The European economy should post lower inflation and better-than-expected growth this year, after avoiding a recession this winter despite the war in Ukraine, the European Commission announced Monday. The European executive has announced that it is revising its growth forecast for the euro zone in 2023 upwards to 0.9% (+0.6 points) and estimates that it should “narrowly avoid” a recession this winter.
The same trend for the EU as a whole, whose growth is now announced at 0.8% (+0.5 points). These figures mark a sharp slowdown from the 3.5% growth recorded last year in both the EU and the Eurozone. But the economy is withstanding the consequences of the war in Ukraine better than expected. “Despite exceptional shocks”, the European economy avoided a contraction of Gross Domestic Product (GDP) in the last quarter of 2022.
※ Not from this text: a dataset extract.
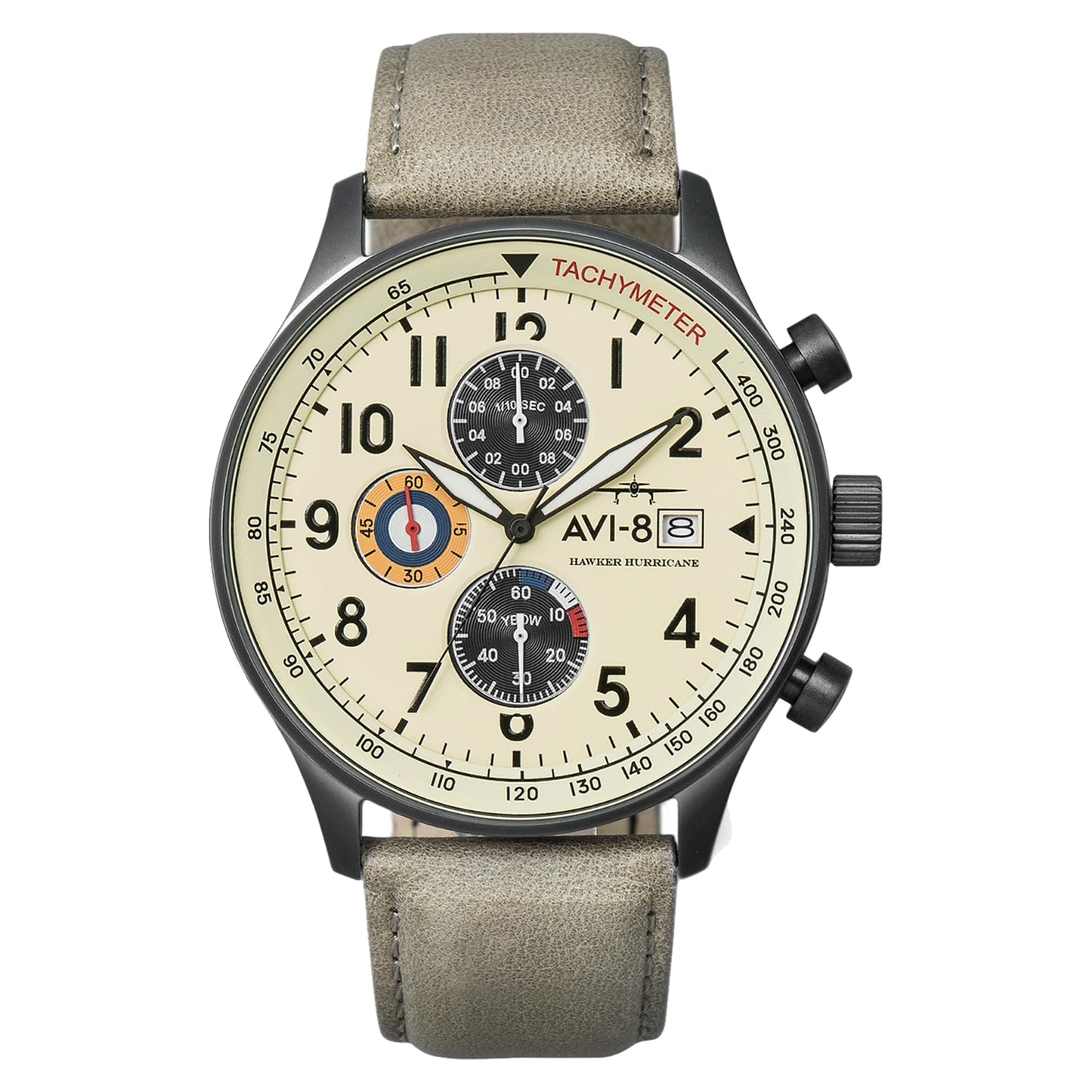 HOTAVI-8 Hawker Hurricane Men's Pilot Watch – Classic Chronograph, Japanese Quartz Movement, Stainless Steel Case, Leather Strap, AV-4011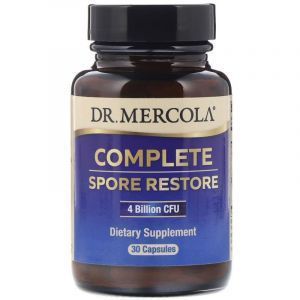 Лечебные грибы и пробиотики, Complete Spore Restore, Dr. Mercola, полное восстановление, 30 капсул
Inflation lower than expected
The European Commission has also lowered its inflation forecast for the euro zone in 2023 to 5.6% (-0.5 points) and estimates that the peak has already been exceeded thanks to the slowdown in energy prices. Brussels expects a slightly higher figure for the EU as a whole with a rise in consumer prices of 6.4% in 2023, 0.6 points below what was expected so far. Inflation has fallen for three consecutive months, after reaching a record high of 10.6% in October, which “suggests that the peak is behind us,” stressed the European executive.
However, “the headwinds remain strong,” warns Brussels. Homes and businesses continue to face high energy prices. Monetary policy should remain “tighter” as inflationary pressures persist, which should “weigh on business activity and drag on investment.” The European Commission also warned that uncertainty around the forecast was “high” amid ongoing geopolitical tensions.